25 de novembro de 2013 | N° 17625
LIBERATO VIEIRA DA CUNHA
Conversa com o Gênio da Lâmpada
– Quero as estrelas, Senhor Gênio.
– Sinto, Mestre, foram doadas. – Que tal os oceanos?
– Lamento. Já têm proprietário. – E as cordilheiras?
– Um argentino pediu no século passado.
– Não sobrou nada, Senhor Gênio?
– Quase nada. Saio desta lâmpada um tanto raramente, mas os
pedidos em carteira são inumeráveis. Vêm de séculos. Além disso, sou proibido
de sugerir desejos, ou me transformo num sapo que jamais vai virar príncipe.
– Poder? Riquezas?
– Nem pensar.
– A Rainha Nefertiti no zênite de seu esplendor?
– Não era para eu lhe contar, mas a múmia do faraó raptou.

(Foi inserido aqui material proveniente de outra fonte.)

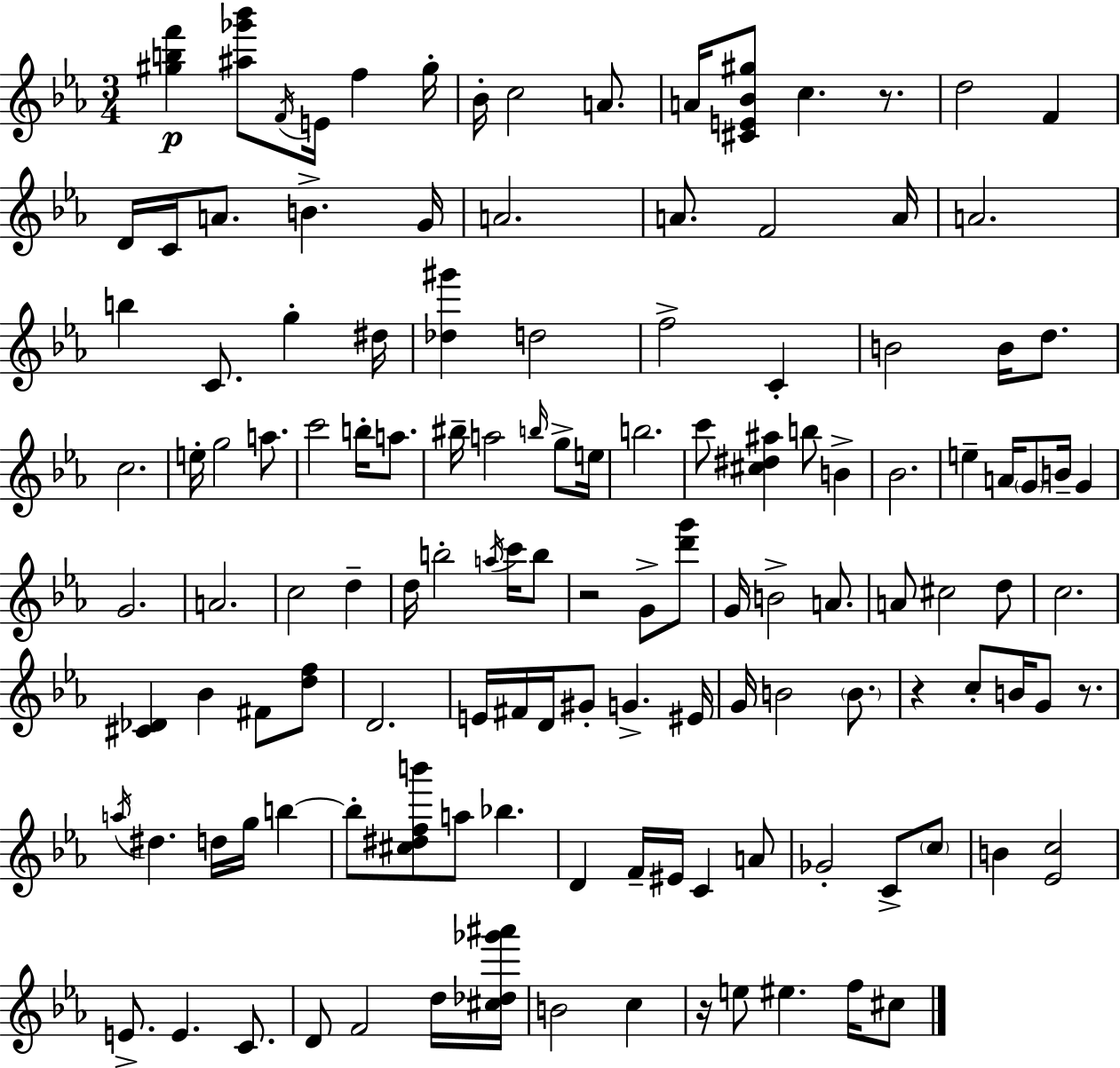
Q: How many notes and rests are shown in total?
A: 130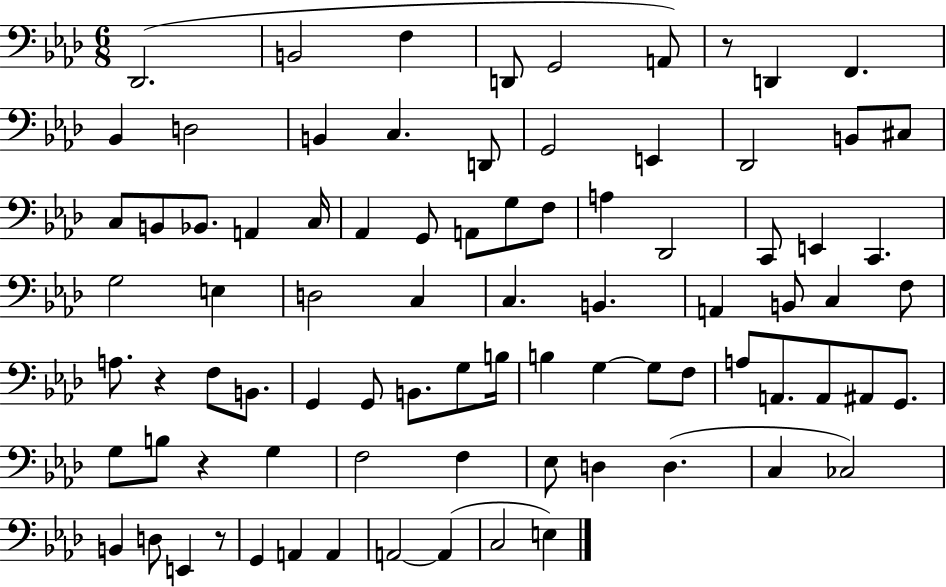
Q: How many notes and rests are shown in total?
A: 84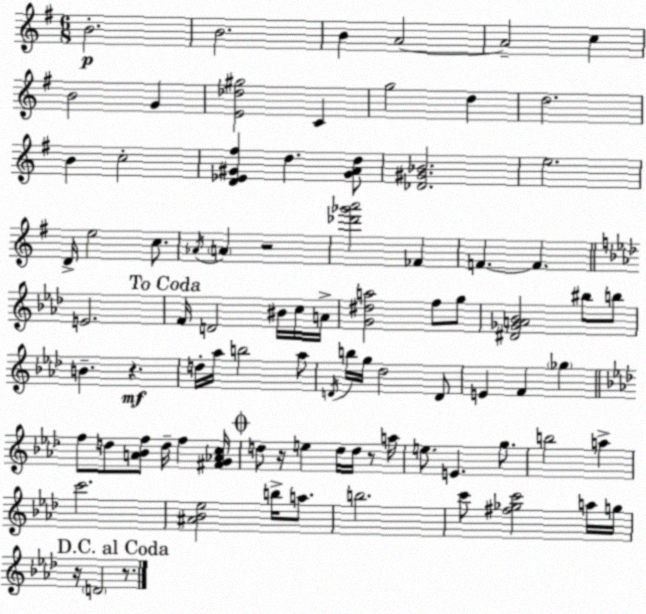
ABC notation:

X:1
T:Untitled
M:6/8
L:1/4
K:G
B2 B2 B A2 A2 c B2 G [E_d^g]2 C g2 d d2 B c2 [D_E^G^f] d [^GAd]/2 [_D^G_B]2 e2 D/4 e2 c/2 _A/4 A z2 [_d'_g'a']2 _F F F E2 F/4 D2 ^B/4 c/4 A/4 [G^da]2 f/2 g/2 [^D_GA_B]2 ^b/2 b/2 B z d/4 _a/4 b2 _a/2 D/4 b/4 g/4 _d2 D/2 E F _g f/2 d/2 [A_Bf]/2 d/4 f [^FG_Ac]/4 d/2 z/4 e d/4 d/4 z/2 a/4 e/2 E g/2 b2 a c'2 [^A_B_e]2 b/4 a/2 b2 c'/2 [^f_gc']2 a/4 g/4 z/4 D2 z/2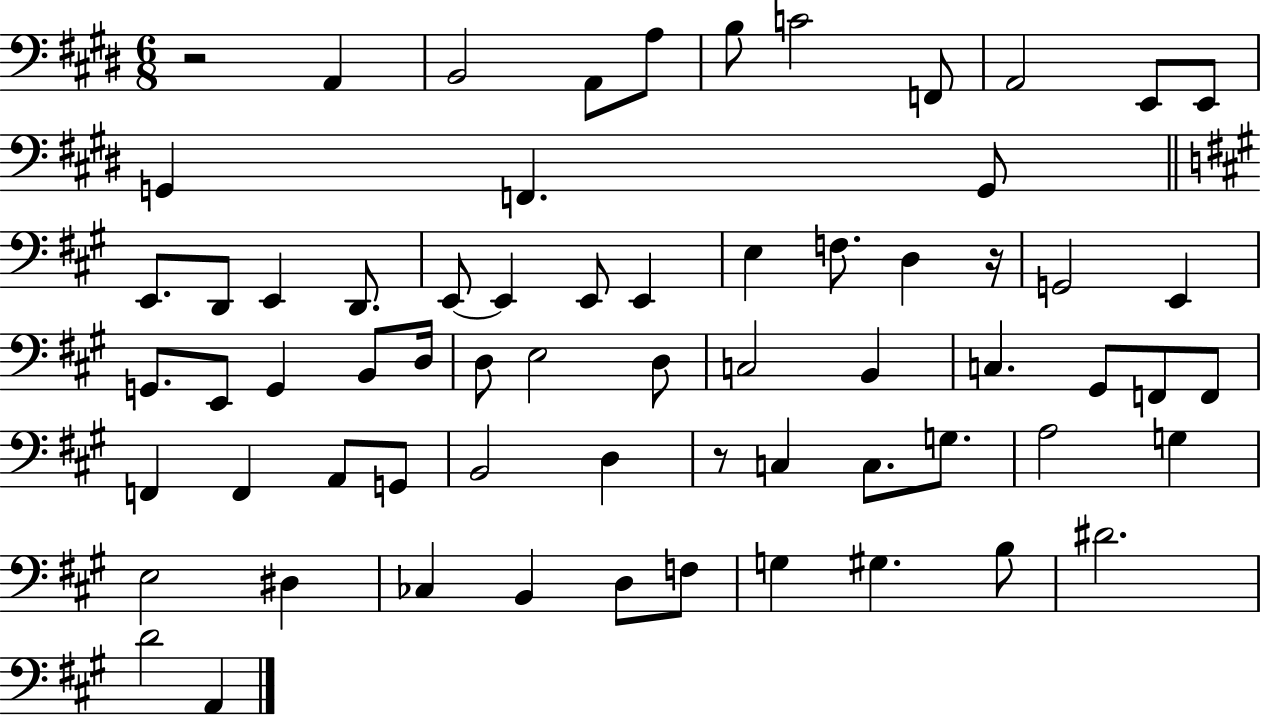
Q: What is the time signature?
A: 6/8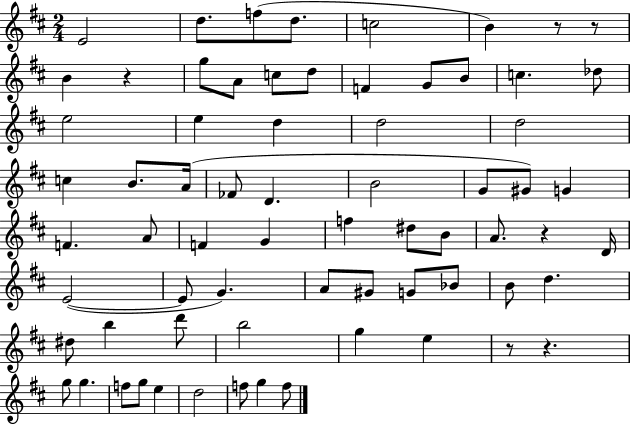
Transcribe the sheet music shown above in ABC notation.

X:1
T:Untitled
M:2/4
L:1/4
K:D
E2 d/2 f/2 d/2 c2 B z/2 z/2 B z g/2 A/2 c/2 d/2 F G/2 B/2 c _d/2 e2 e d d2 d2 c B/2 A/4 _F/2 D B2 G/2 ^G/2 G F A/2 F G f ^d/2 B/2 A/2 z D/4 E2 E/2 G A/2 ^G/2 G/2 _B/2 B/2 d ^d/2 b d'/2 b2 g e z/2 z g/2 g f/2 g/2 e d2 f/2 g f/2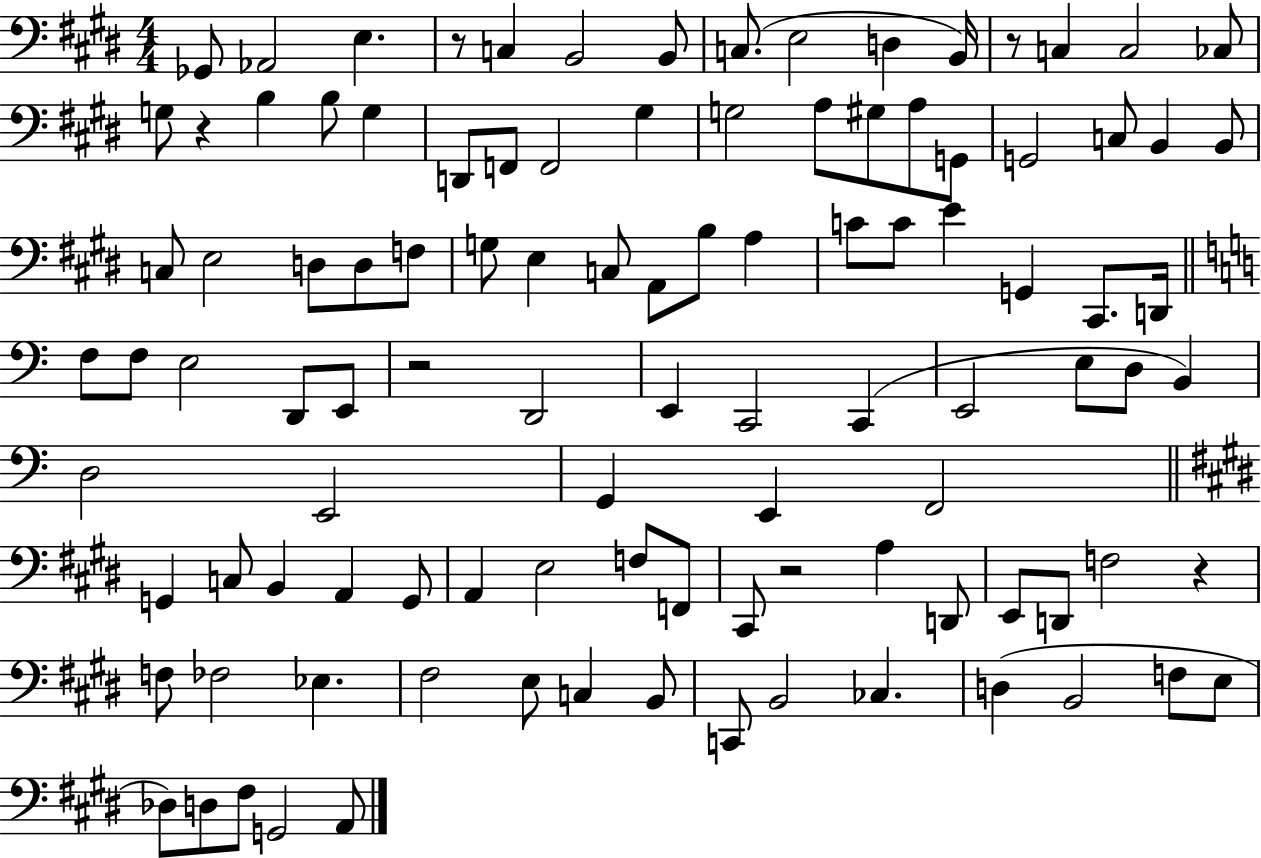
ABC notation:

X:1
T:Untitled
M:4/4
L:1/4
K:E
_G,,/2 _A,,2 E, z/2 C, B,,2 B,,/2 C,/2 E,2 D, B,,/4 z/2 C, C,2 _C,/2 G,/2 z B, B,/2 G, D,,/2 F,,/2 F,,2 ^G, G,2 A,/2 ^G,/2 A,/2 G,,/2 G,,2 C,/2 B,, B,,/2 C,/2 E,2 D,/2 D,/2 F,/2 G,/2 E, C,/2 A,,/2 B,/2 A, C/2 C/2 E G,, ^C,,/2 D,,/4 F,/2 F,/2 E,2 D,,/2 E,,/2 z2 D,,2 E,, C,,2 C,, E,,2 E,/2 D,/2 B,, D,2 E,,2 G,, E,, F,,2 G,, C,/2 B,, A,, G,,/2 A,, E,2 F,/2 F,,/2 ^C,,/2 z2 A, D,,/2 E,,/2 D,,/2 F,2 z F,/2 _F,2 _E, ^F,2 E,/2 C, B,,/2 C,,/2 B,,2 _C, D, B,,2 F,/2 E,/2 _D,/2 D,/2 ^F,/2 G,,2 A,,/2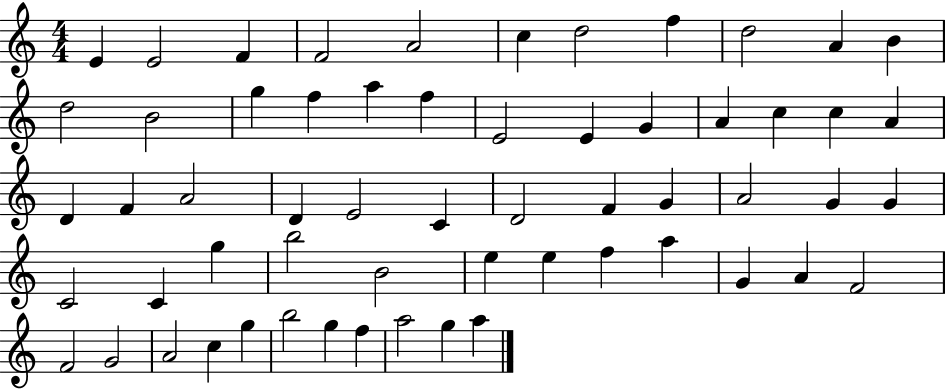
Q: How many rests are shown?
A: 0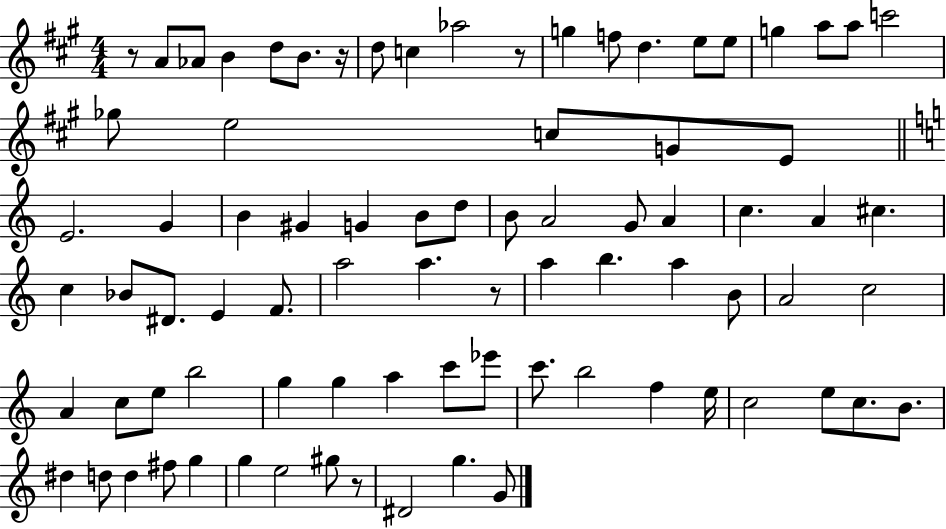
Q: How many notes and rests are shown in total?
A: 82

– Veneza numa manhã de dezembro, um sol que não era para
estar ali incendiando de repente os cabelos soltos da mulher que eu chamava de
Kathleen?
– Essa Kathleen fundou uma igreja, e Deus, como o Mestre
sabe, é um cara muito ciumento.
– Aquela praia do Pacífico, imensa, de um azul-cobalto, onde
sonhei erguer minha casa definitiva?
– Foi loteada por um argentino. É um condomínio de 10 mil
apartamentos sem luz.
– O solar que habitei em minha penúltima existência, em
Estoril, um perto do cassino?
– O Fernando Pessoa reclamou, mas quem levou foi seu único
heterônimo desconhecido.
– As ruínas daquele palácio na Turquia, o que guarda no
subsolo toda a sabedoria do universo?
– Jazem no fundo do Mar de Mármara e os únicos leitores
pertencem a uma tribo ignota de celacantos.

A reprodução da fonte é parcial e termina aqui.